▸ WORKING DATA
──────
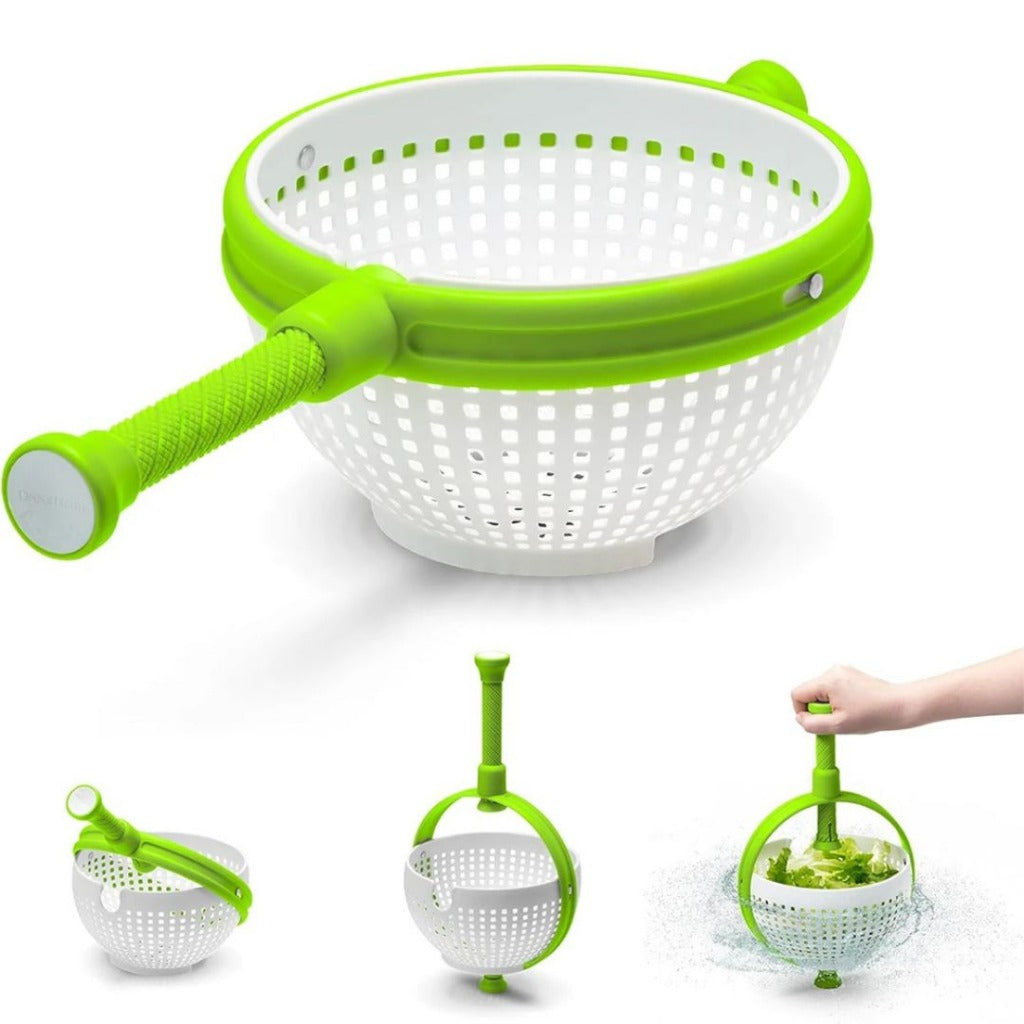 Centrífuga de Salada com Alça Dobrável para Frutas e Vegetais | Home Gaju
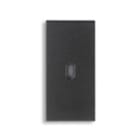 VIMAR SPA - VIW19131 TASTO 1M ASSIALE GRIGIO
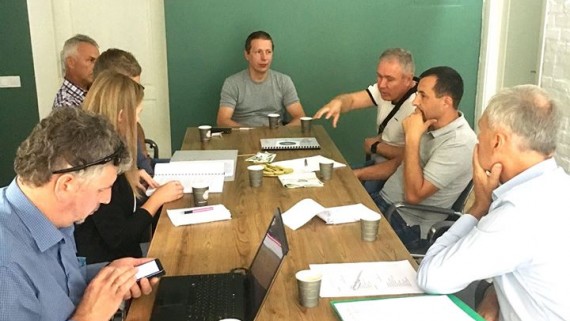 The city of Rivne plans to reconstruct outdoor lighting together with NEFCO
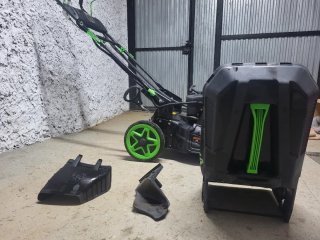Cortacésped KAPHOTA 200cc gasolina arranque eléctr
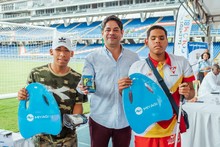 Ministro del Deporte elogi&oacute; el compromiso deportivo de Cali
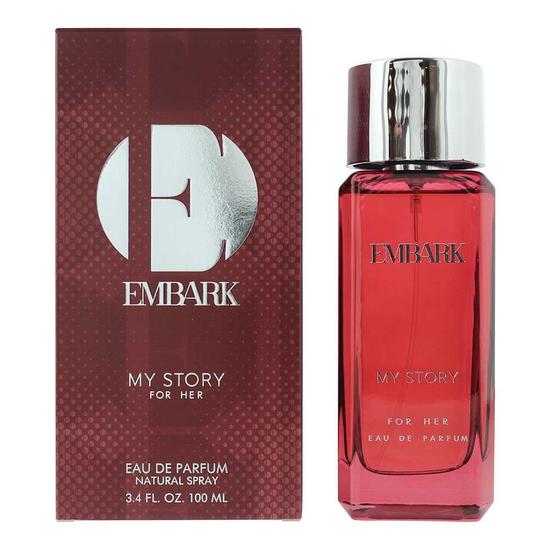 Embark My Story Eau De Parfum 100Ml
──────
▸ AIM OF THE TASK
The answer must be the full set of records, repeated exactly, with no pictures.

▸ WRITTEN SOLUTION
 Centrífuga de Salada com Alça Dobrável para Frutas e Vegetais | Home Gaju
 VIMAR SPA - VIW19131 TASTO 1M ASSIALE GRIGIO
 The city of Rivne plans to reconstruct outdoor lighting together with NEFCO
Cortacésped KAPHOTA 200cc gasolina arranque eléctr
 Ministro del Deporte elogi&oacute; el compromiso deportivo de Cali
 Embark My Story Eau De Parfum 100Ml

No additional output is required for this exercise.